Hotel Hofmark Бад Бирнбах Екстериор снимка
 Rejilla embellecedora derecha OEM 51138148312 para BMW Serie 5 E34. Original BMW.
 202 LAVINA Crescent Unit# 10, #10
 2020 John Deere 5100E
== == ==
**HOW TO COMPLETE THIS TASK:** Exactly as it appears above, write out the complete listing.

**RESPONSE AREA:**
Hotel Hofmark Бад Бирнбах Екстериор снимка
 Rejilla embellecedora derecha OEM 51138148312 para BMW Serie 5 E34. Original BMW.
 202 LAVINA Crescent Unit# 10, #10
 2020 John Deere 5100E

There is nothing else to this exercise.